■ Exercise prompt ■
If pictures appear among the lines below, leave them out while you return exactly the lines from the one with "When you are" through the one with "Hello, my name".

--- Data provided Enclosed Below ---

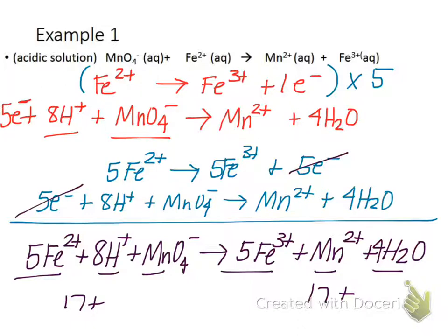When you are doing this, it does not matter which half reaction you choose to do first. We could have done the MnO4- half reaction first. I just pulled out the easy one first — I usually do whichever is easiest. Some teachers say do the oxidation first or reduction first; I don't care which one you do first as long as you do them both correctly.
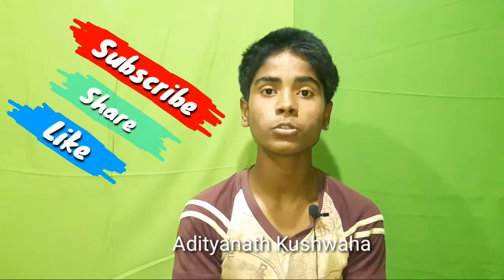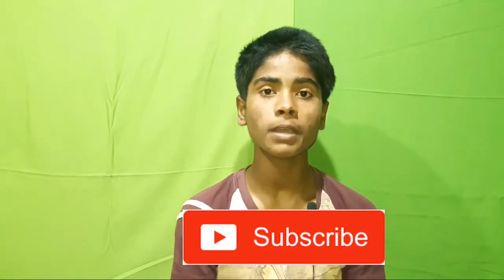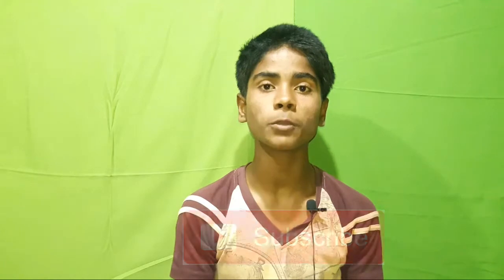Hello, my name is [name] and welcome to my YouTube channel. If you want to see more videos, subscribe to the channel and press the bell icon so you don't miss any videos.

--- End of Enclosed Data provided ---
--- Data provided Enclosed Below ---

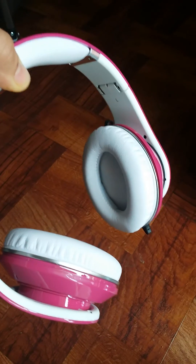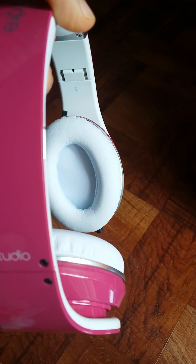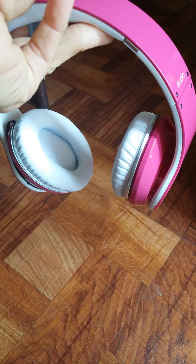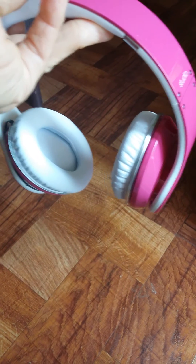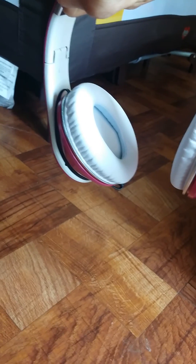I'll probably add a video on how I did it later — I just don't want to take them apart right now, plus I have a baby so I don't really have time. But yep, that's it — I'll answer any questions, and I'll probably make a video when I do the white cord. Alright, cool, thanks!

--- End of Enclosed Data provided ---

■ Reply ■
When you are doing this, it does not matter which half reaction you choose to do first. We could have done the MnO4- half reaction first. I just pulled out the easy one first — I usually do whichever is easiest. Some teachers say do the oxidation first or reduction first; I don't care which one you do first as long as you do them both correctly.
Hello, my name is [name] and welcome to my YouTube channel. If you want to see more videos, subscribe to the channel and press the bell icon so you don't miss any videos.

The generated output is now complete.